Contexts of utterance without utterance tokens
I think one should not define "context of utterance" so that a context of utterance for an expression must always contain an utterance of the expression (or "truth in a context of utterance" so that a sentence can only be true in a context where it is uttered).
This obviously depends on how or where the term is meant to be used. The use I have mostly in mind is in the semantics/pragmatics of context-dependence, or indexicality.
Competent speakers of English know how to determine the semantic value(s) of a sentence uttered in a given context. Take truth value: we know that
I) an utterance of "I am hungry" is true in a context of utterance C (roughly) iff the speaker in C is hungry at the time of C.
Now the question is: does this rule cover only situations C where some speaker actually utters "I am hungry" or also situations where the speaker utters something else or even where there is no speaker at all?
Here is a misguided reason for thinking it applies only to situatuins where someone utters "I am hungry": In a sense, different utterances of "I am hungry" mean different things -- that you are hungry if uttered by you, but that I am hungry if uttered by me. But then rule (I) isn't quite correct. For if we don't hold fixed the meaning of the uttered words, then "I am hungry" is true in a context C where "hungry" means sleepy and the speaker is sleepy.
On this conception, a sentence is true in a context of utterance C iff whatever the sentence, individuated phonetically or orthographically, means at C is true. Then of course it makes little sense to assume that a sentence may be true in a context of utterance where it isn't uttered.
But this conception is useless for the semantics/pragmatics of English indexicals: the corrected rule for "I am hungry" would go like this:
I*) An utterance of "I am hungry" is true in a context of utterance C iff either 1) it means that the speaker in C is hungry and the speaker in C is hungry, or 2) it means that the speaker in C is sleepy and the speaker in C is sleepy, or 3) it means that 2+2=4 and 2+2=4, etc.
Yet this doesn't capture what competent speakers of English know about "I am hungry". For one, the rule for all other sentence ("I am sleepy", "2+2=4", etc.) would be exactly the same.

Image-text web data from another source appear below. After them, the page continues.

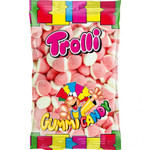 Мармелад Trolli клубника со сливками 1 кг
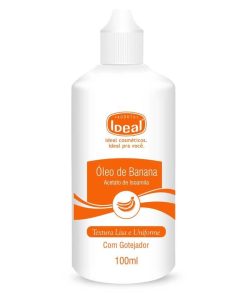 Oleo Banana Ideal 100ml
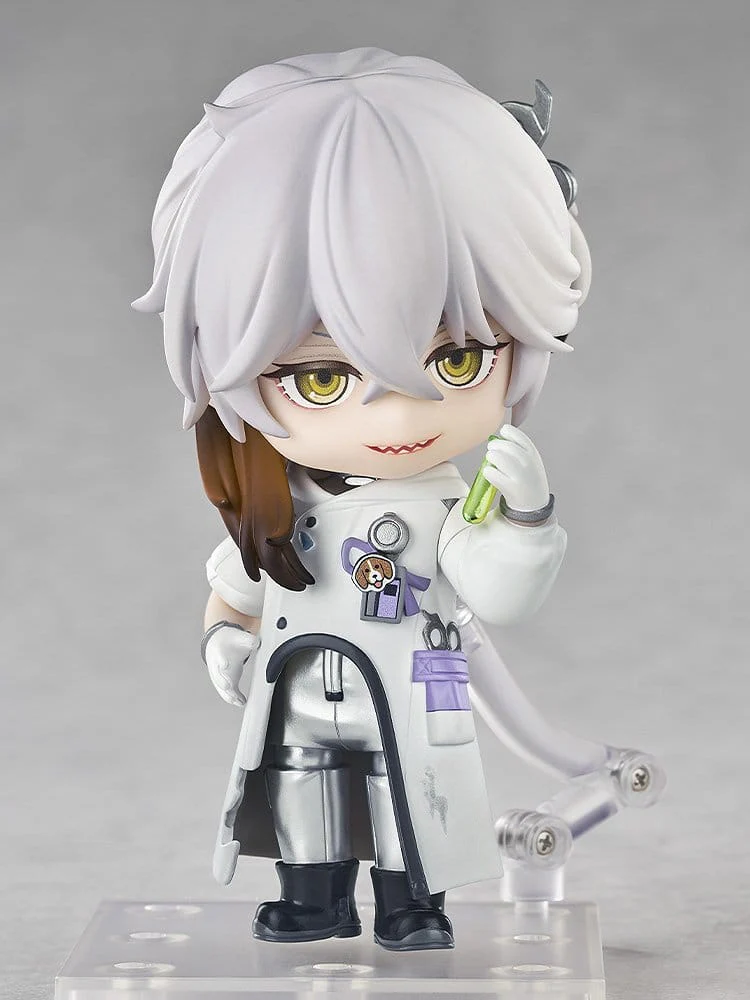 Reverse: 1999 Nendoroid figurine Medicine Pocket - Image 3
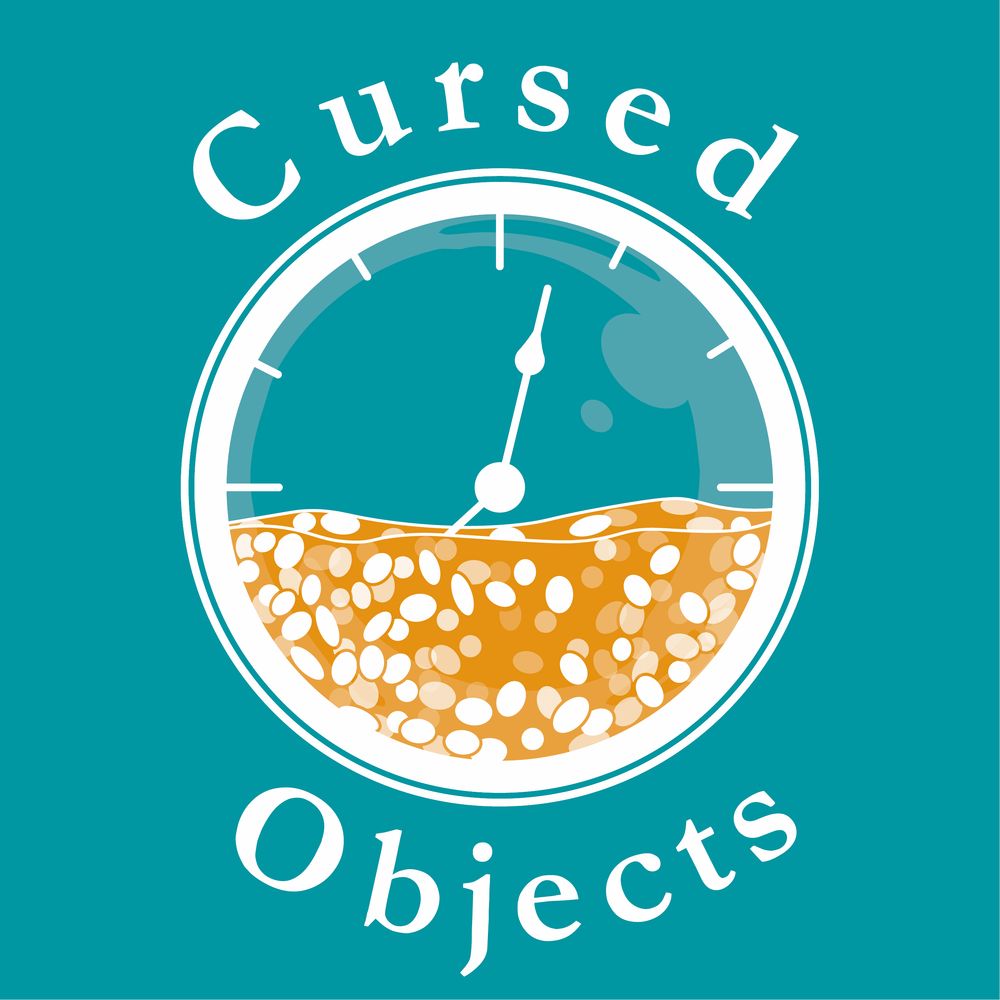 Cursed Objects podcast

Moreover, (I*) is a priori and thus known by people who know nothing at all about English.
So much for this misguided conception of contexts of utterance. Now some positive reasons for accepting contexts without utterance tokens.
Since English has infinitely many, and arbitrarily long, indexical sentences, rules like (I) had better be determined compositionally. Consider the clause for negation. It might go like this:
NEG) "not p" is true in a context C iff p is not true in C.
But this doesn't work if a sentence cannot be true in a context where it isn't uttered. For then "it's raining" turns out to be true in all and only those contexts where 1) it's raining and 2) someone says "it's raining". But clearly "it's not raining" is not true in all and only the contexts where either (1) or (2) fails. But that's what (NEG) would demand.
This cannot be fixed by some clever change in (NEG). The problem is that from the set of contexts satisfying both (1) and (2) there is no way back to the set of all contexts satisfying (1). If there was such a route, we could say that (NEG) maps "it's not raining" to the intersection of that set with the set of contexts where someone says "it's not raining". But since there is no such route, the set of contexts where "not p" is true is not a function of the set of contexts where p is true, and compositionality fails.
Here is a related, but more general argument. Suppose negation is always inserted somewhere in the middle of the negated sentence, as in "it's not raining". Then if the negation of p is uttered in a context C, p itself is never uttered in C. Hence if p only has a semantic value in contexts where it is uttered, the semantic value of ~p in C -- no matter if it's a truth value or some kind of proposition -- cannot be a function of the semantic value of p in C, because p will have no semantic value at all in C.
Thirdly, if our linguistic rules somehow determine, for each sentence S, a function X(S) from contexts of utterance to semantic values (propositions, truth values, or whatever), it is very natural to say, as Kaplan does, that two sentences S1 and S2 are synonymous if the corresponding functions X(S1) and X(S2) are identical. But if X(S1) is only defined for contexts where S1 is uttered and X(S2) for contexts where S2 is uttered, the functions X(S1) and X(S2) will be identical if and only if S1 = S2. It follows that no two sentences are ever synonymous. But even philosophers who believe that indeed no two sentences are ever synonymous would probably consider that to be an important Quinean insight, not a trivial consequence of the definition of synonymy.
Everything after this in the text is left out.